Hey, here's two books that might interest some of you. They showed up in my mailbox serendipitously -- which here means "I haven't read them, and don't know much about them" -- but may turn out to be your favorite books of the year. Who knows?
Speaking of words that mean very specific things in the right context: "in the tradition of" is a phrase used in publishing to mean "if you liked that, you'll probably like this" -- it doesn't necessarily mean the new writer was specifically influenced by the older one at all. So if I say that Emily Croy Barker's first novel The Thinking Woman's Guide to Real Magic looks to be in the tradition of Deborah Harkness's very popular recent trilogy, I'm not claiming any specific influence. (And I'm clearly not the only one that sees the connection, since there's a quote from Harkness on the cover of Thinking Woman.) The Thinking Woman in this case is named Nora: she wanders away from a wedding and accidentally is transported into a secondary world where, of course, magic works. And that world at first seems vastly better to Nora -- until things turn more dangerous, as they always must. Thinking Woman is a penguin trade paperback: it officially goes on sale July 29.

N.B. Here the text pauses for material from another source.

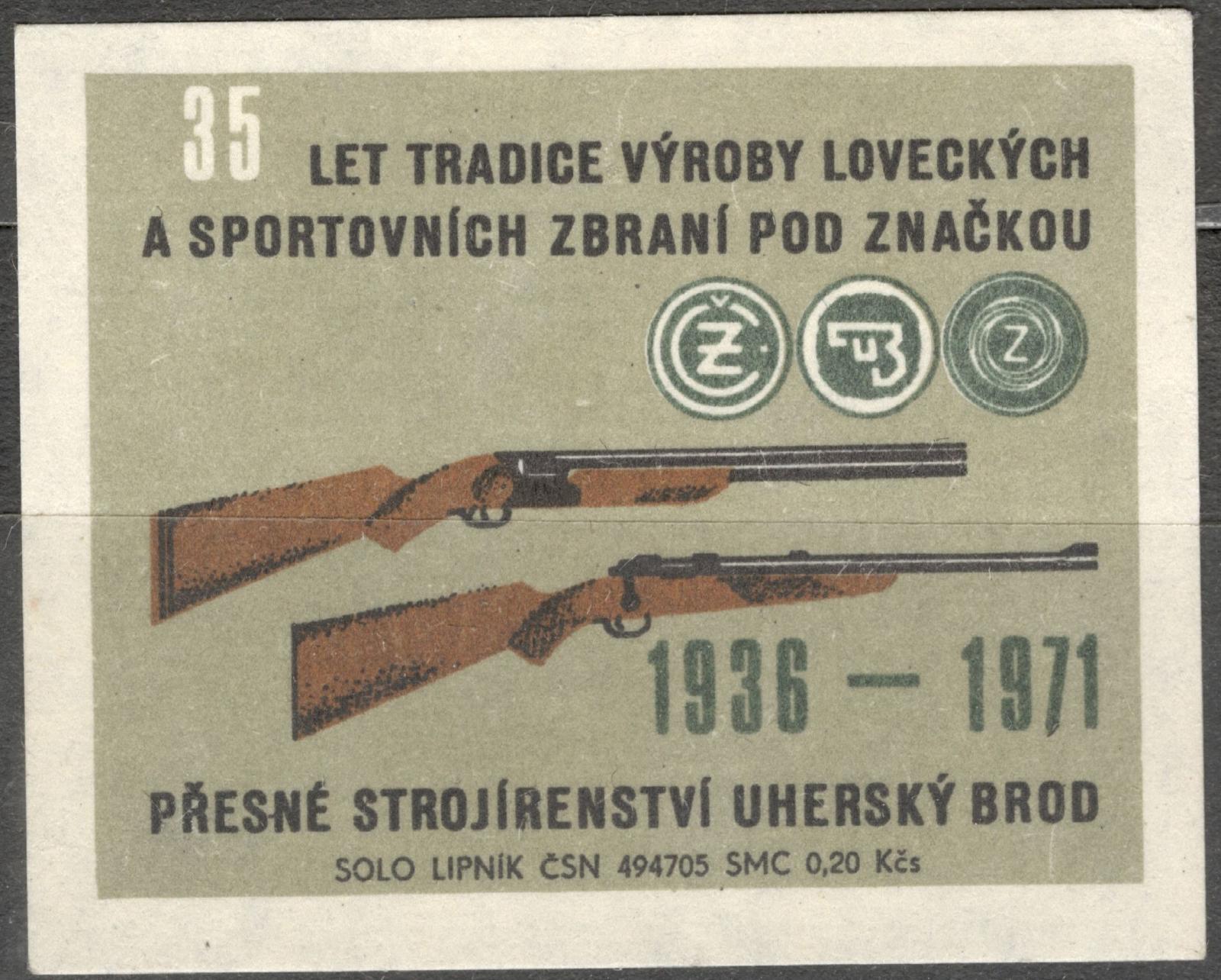 6463 lovecké a športové zbrane, logo ČZ Zbrojovka PS Uherský Brod, A2 - Zberateľstvo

The other book I have this week is not quite a first novel -- but it's a first fantasy novel, which is pretty close. Susan Klaus has published two thrillers with a smaller publishing company, but Flight of the Golden Harpy is her first novel in "the bigs," as we in publishing never actually say. It's in the category of fantasy that takes place on an alien world with intelligent, mostly humanoid aliens, whom the heroine has to prove to her fellow humans actually are intelligent. (There's also a romance plot between the heroine and one of the harpies, just in case you thought this was getting to close to Little Fuzzy.) Since Golden Harpy comes from a SF publisher (Tor -- in hardcover right now), I presume that means there are elements of magic or the supernatural as well, but those aren't clear in the cover letter.